Re: Mike Tyson, my fallback career, and the things free markets cannot do
Why don't we move the conversation to the new thread to avoid chaos ...
May '10
Re: Mike Tyson, my fallback career, and the things free markets cannot do
Al Haig, call your cosmic office, Claire Berlinski says, "I am in control here..."
Seriously, I don't believe in comparative worth arguments. It's like the old saw about athletes make gazillions while teachers scrape by... Yeah, well, nobody ever shelled out $45 to watch Mrs. Schlitz try to teach little Johnny his math tables and nobody ever payed millions to televise it either.
If comparative worth arguments meant anything, George Clooney would be sweeping floors...
Re: Mike Tyson, my fallback career, and the things free markets cannot do
Yes, EJ, that's the allusion. (I suppose I shouldn't assume that everyone is completely au courant with my jokes.) I don't buy the comparative worth argument either, at all. A job is worth what someone will pay you to do it, that's the definition of "worth." But I do find it disturbing to think that the demand for journalism from Istanbul is that much less than the demand for totally amateur kickboxing matches. When someone like me starts thinking, "Hey, it would make a lot more economic sense for me to fight than write," it doesn't really seem the most persuasive argument for the idea that the market efficiently allocates talents and resources, does it? I mean, talk about brain drain. Literally. And bad news for a superpower with ambitions to stay super when the public values dumb kickboxing matches so much more than it does foreign news.
May '10
Re: Mike Tyson, my fallback career, and the things free markets cannot do
This was certainly an interesting post. When I read the part about being offered the fight my mind wandered to "Celebrity Death Match" for some reason ... kind of strange. I am glad that you declined, because you do not want to fight the kind of man who wants to fight a woman.
Anyway, I am hoping that Mr.

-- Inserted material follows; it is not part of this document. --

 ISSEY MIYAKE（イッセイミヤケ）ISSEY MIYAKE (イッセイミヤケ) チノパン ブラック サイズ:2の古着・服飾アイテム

Lileks comments on this post, because that is sure to give me a belly laugh or two.
Also, Claire .. I am sure that the promoter inferred excellence in the martial arts based on your general impressiveness. I did.
Re: Mike Tyson, my fallback career, and the things free markets cannot do
I think the economic driver is on the supply side, meaning it's less dismaying than you suggest. As your own experience implies, the supply of would-be opponents for this fighter is -- reassuringly -- small enough to drive prices through the roof.
Re: Mike Tyson, my fallback career, and the things free markets cannot do
Good point, Matt! Okay, I feel better.
Re: Mike Tyson, my fallback career, and the things free markets cannot do
What a grave mistake that would be. At some point I'll post a video titled "Claire's hilarious training mishaps." That should clear up any confusion about the matter.
May '10
Re: Mike Tyson, my fallback career, and the things free markets cannot do
Claire - Let me tell you mt story. When I got into the television production business 30 years ago, I vowed that I would treat my audience with respect. And then I met them...
What was it Mencken said? "Nobody ever went broke underestimating the intelligence of the American public." That's apropos to the rest of the world, too.
To its core the problem is that we are all consumed by the details of day to day living. To provide the diligence that is required to maintain our own political freedom can be overwhelming. We want easy, short attention span amusements to relieve the pressure. And that's how you wake up one morning and find the world has changed for the worse.
May '10
Re: Mike Tyson, my fallback career, and the things free markets cannot do
There are far more snotty writers than people willing to have the snot beat out of them. Pretty women willing to risk broken noses and cheekbones, and travel overseas for the opportunity, are even rarer.
It seems to me the market's in healthy condition, though I would hardly view fewer writers and more attractive fighters as a problem.